> _Dataset extract_:

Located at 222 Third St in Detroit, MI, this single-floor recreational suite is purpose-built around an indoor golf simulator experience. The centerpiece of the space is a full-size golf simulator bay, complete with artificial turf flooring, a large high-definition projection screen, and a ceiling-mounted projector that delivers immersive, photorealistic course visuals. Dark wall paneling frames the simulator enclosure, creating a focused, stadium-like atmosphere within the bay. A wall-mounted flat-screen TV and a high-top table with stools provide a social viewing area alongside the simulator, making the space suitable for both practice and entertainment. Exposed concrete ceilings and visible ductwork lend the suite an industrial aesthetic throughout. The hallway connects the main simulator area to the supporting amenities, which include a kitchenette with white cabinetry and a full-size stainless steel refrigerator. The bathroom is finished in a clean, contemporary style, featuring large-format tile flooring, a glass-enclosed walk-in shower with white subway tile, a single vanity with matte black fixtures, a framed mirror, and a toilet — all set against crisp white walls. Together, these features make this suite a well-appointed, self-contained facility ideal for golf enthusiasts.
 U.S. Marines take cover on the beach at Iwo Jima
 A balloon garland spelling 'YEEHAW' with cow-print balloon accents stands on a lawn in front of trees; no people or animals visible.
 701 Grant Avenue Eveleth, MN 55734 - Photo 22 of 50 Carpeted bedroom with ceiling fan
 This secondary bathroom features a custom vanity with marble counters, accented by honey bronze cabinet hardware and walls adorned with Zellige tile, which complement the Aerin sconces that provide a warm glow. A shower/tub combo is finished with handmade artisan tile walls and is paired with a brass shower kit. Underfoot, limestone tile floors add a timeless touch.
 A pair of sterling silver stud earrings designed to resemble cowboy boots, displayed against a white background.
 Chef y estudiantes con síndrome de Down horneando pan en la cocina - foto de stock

> _Task to carry out_:
Above are some records; repeat all of them exactly.

> _Answer space_:
Located at 222 Third St in Detroit, MI, this single-floor recreational suite is purpose-built around an indoor golf simulator experience. The centerpiece of the space is a full-size golf simulator bay, complete with artificial turf flooring, a large high-definition projection screen, and a ceiling-mounted projector that delivers immersive, photorealistic course visuals. Dark wall paneling frames the simulator enclosure, creating a focused, stadium-like atmosphere within the bay. A wall-mounted flat-screen TV and a high-top table with stools provide a social viewing area alongside the simulator, making the space suitable for both practice and entertainment. Exposed concrete ceilings and visible ductwork lend the suite an industrial aesthetic throughout. The hallway connects the main simulator area to the supporting amenities, which include a kitchenette with white cabinetry and a full-size stainless steel refrigerator. The bathroom is finished in a clean, contemporary style, featuring large-format tile flooring, a glass-enclosed walk-in shower with white subway tile, a single vanity with matte black fixtures, a framed mirror, and a toilet — all set against crisp white walls. Together, these features make this suite a well-appointed, self-contained facility ideal for golf enthusiasts.
 U.S. Marines take cover on the beach at Iwo Jima
 A balloon garland spelling 'YEEHAW' with cow-print balloon accents stands on a lawn in front of trees; no people or animals visible.
 701 Grant Avenue Eveleth, MN 55734 - Photo 22 of 50 Carpeted bedroom with ceiling fan
 This secondary bathroom features a custom vanity with marble counters, accented by honey bronze cabinet hardware and walls adorned with Zellige tile, which complement the Aerin sconces that provide a warm glow. A shower/tub combo is finished with handmade artisan tile walls and is paired with a brass shower kit. Underfoot, limestone tile floors add a timeless touch.
 A pair of sterling silver stud earrings designed to resemble cowboy boots, displayed against a white background.
 Chef y estudiantes con síndrome de Down horneando pan en la cocina - foto de stock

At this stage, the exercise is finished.